Anche se non si parla espressamente di piano industriale – espressione che evidentemente non piace ai vertici di Ubi Banca – il riassetto annunciato dal quarto gruppo bancario italiano rientra in una serie di riorganizzazioni in atto dal 2007, «in coerenza con la sempre più forte accelerazione dell’utilizzo della multicanalità», che hanno portato a una riduzione del 12,4% delle filiali (attualmente sono 1.725) e a una contrazione del personale del 15,5%.
C’è un cambiamento in atto da alcuni anni: il classico cliente che va in banca per fare operazioni di routine lascia il posto al "cliente 3.0" che, grazie a computer, tablet e smartphone, si porta la banca a casa, standosene comodamente seduto in poltrona. Un fenomeno in continuo aumento considerato che i clienti on line del gruppo sono cresciuti del 190% in 7 anni, passando dai 421mila del 2007 al milione e 222mila del 2013.
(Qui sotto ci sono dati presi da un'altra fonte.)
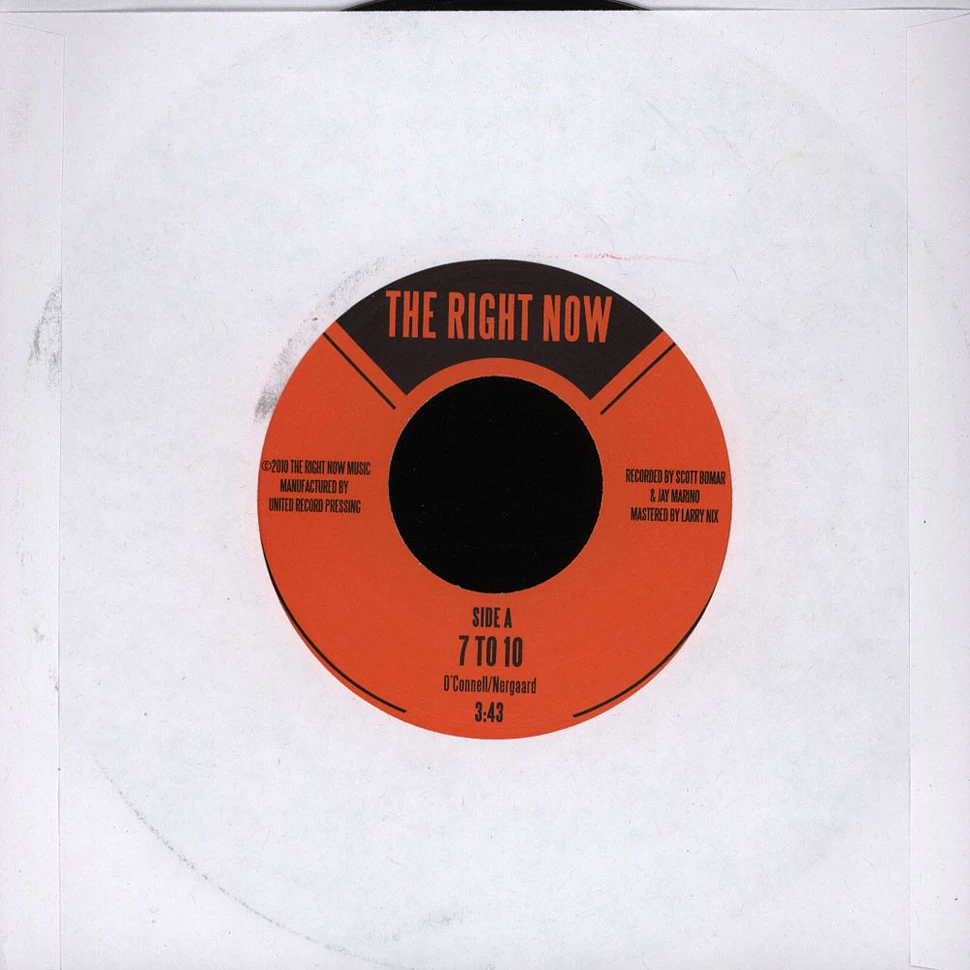 The Right Now - 7 To 10 / The One You Love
Nell’ultimo incontro con i soci della Popolare di Bergamo della provincia di Varese, i vertici del gruppo hanno accennato anche a questo aspetto, sottolineando che se è vero che la banca non si fa solo con le macchine, è altrettanto vero che il suo ruolo non puo’ cristalizzarsi ma deve adeguarsi, rimodulandosi su un servizio di consulenza ad alto valore aggiunto. Ma ad oggi meno del 50% del totale dei dipendenti fornisce servizi commerciali e di consulenza alla clientela.
«Quantità o qualità?» si chiedeva in quella sede il consigliere delegato Victor Massiah.
Una domanda tutt’altro che retorica, perché se da una parte evidenzia la crisi di un modello di banca diventato obsoleto, dall’altra sottolinea la ricerca di un nuovo posizionamento partendo da un’offerta diversa. Da 6 anni a questa parte Ubi Banca cerca la risposta in una cura dimagrante che però prima o poi dovrà finire. Comunque, l’ago della bilancia dice che i costi strutturali sono stati ridotti di 457 milioni di euro (-17,6% di oneri operativi dal 2007 al 2013), a cui si deve aggiungere un’ulteriore riduzione di 15 milioni annui che andranno a regime a partire dal 2015, per effetto dell’ultimo accordo sindacale, risalente al marzo scorso.
Un’intesa tra le parti sul nuovo riassetto dovrebbe essere raggiunta entro la fine dell’anno, mentre l’operatività entro il primo semestre del 2015.